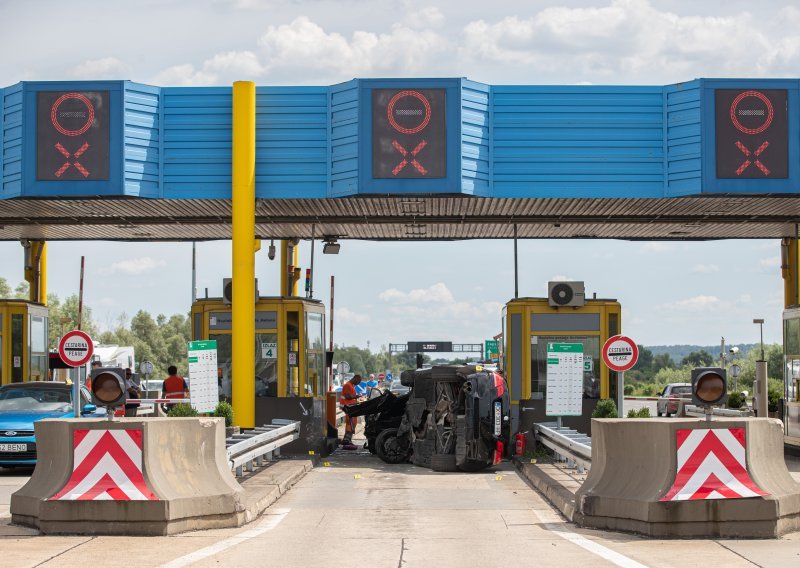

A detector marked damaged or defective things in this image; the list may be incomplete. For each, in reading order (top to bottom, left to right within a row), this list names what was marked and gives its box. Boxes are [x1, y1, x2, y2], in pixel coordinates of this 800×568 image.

overturned black bmw [344, 366, 512, 472]
crashed vehicle [352, 366, 510, 472]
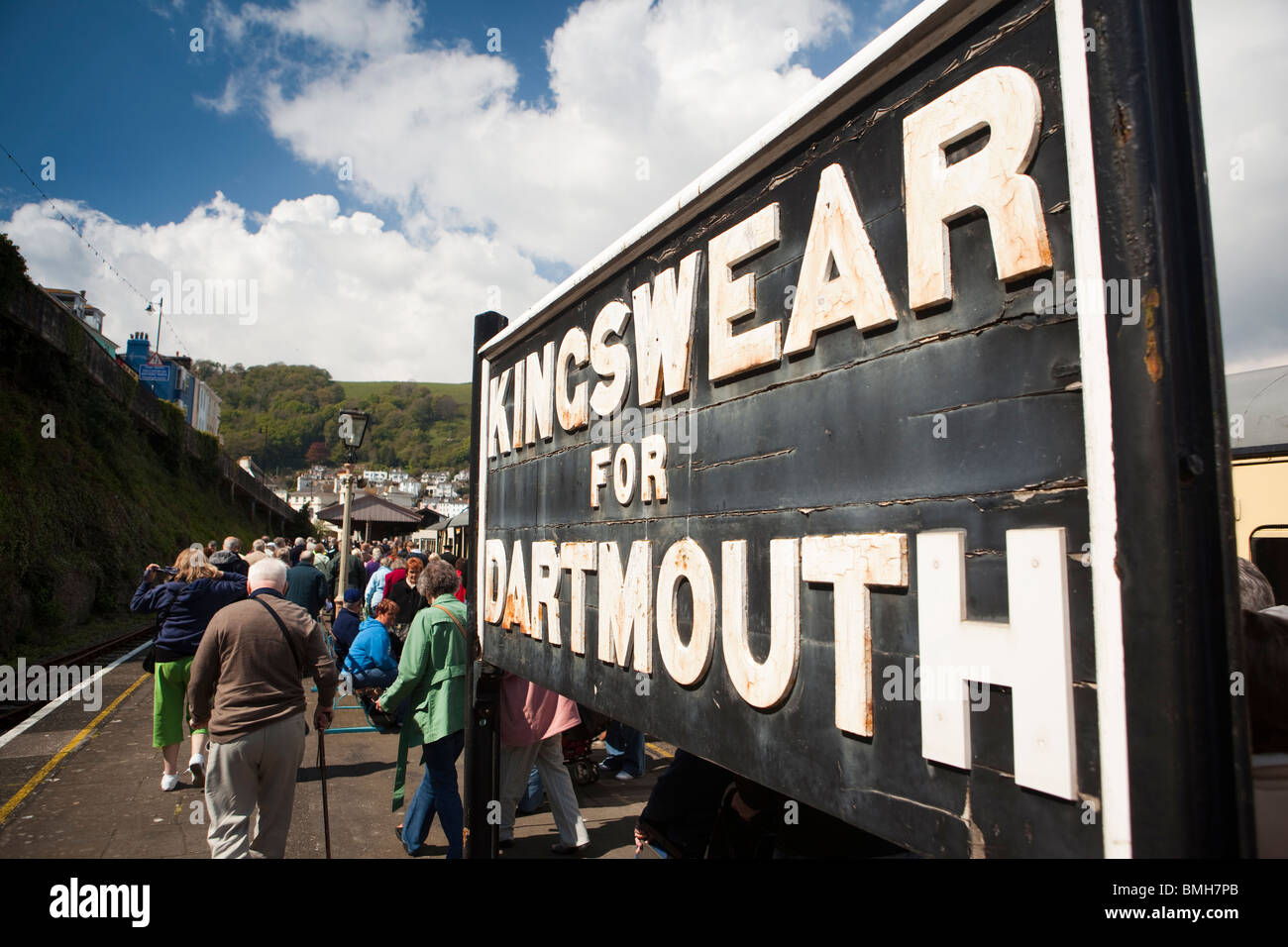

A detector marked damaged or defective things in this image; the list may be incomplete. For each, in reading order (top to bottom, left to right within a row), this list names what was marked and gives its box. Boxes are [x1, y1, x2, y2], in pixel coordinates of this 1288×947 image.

rusty metal sign [466, 0, 1252, 860]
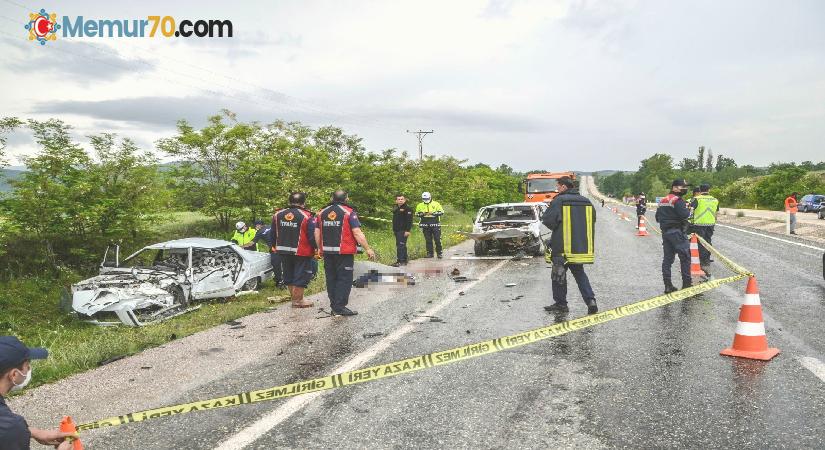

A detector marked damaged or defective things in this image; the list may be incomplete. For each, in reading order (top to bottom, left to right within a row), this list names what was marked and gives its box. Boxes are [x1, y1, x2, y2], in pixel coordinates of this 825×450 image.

severely damaged white car [466, 204, 552, 256]
damaged white car [466, 204, 552, 256]
severely damaged white car [72, 237, 272, 326]
damaged white car [72, 239, 272, 326]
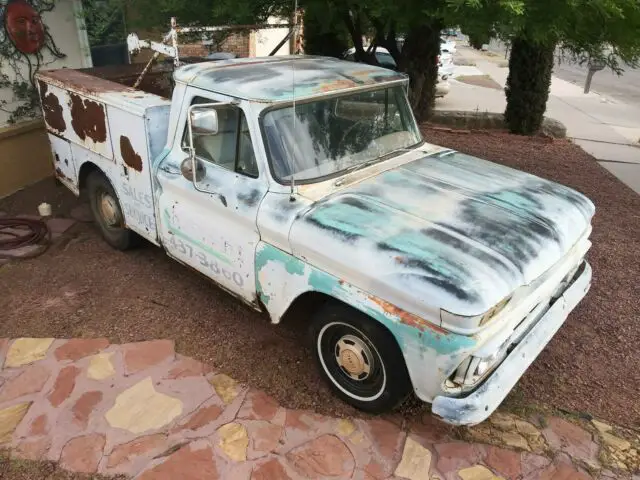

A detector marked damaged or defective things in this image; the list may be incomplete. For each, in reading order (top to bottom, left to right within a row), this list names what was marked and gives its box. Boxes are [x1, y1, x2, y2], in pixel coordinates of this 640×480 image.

rust spot [38, 80, 66, 133]
rust spot [69, 93, 107, 143]
rust spot [119, 135, 142, 172]
rust spot [370, 296, 450, 334]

-- -- --

The lines from the one containing "this 640×480 image." through the last line of the records are to be transcribed exactly, with nothing else added.

A detector marked damaged or defective things in this image; the list may be incomplete. For each, in reading order (top to bottom, left to right within a row), this list names what was marked and gives its box. Boxes are [x1, y1, x2, y2], in pixel coordinates of this 640×480 image.

rust spot [38, 80, 66, 133]
rust spot [69, 93, 107, 143]
rust spot [119, 135, 142, 172]
rust spot [370, 296, 450, 334]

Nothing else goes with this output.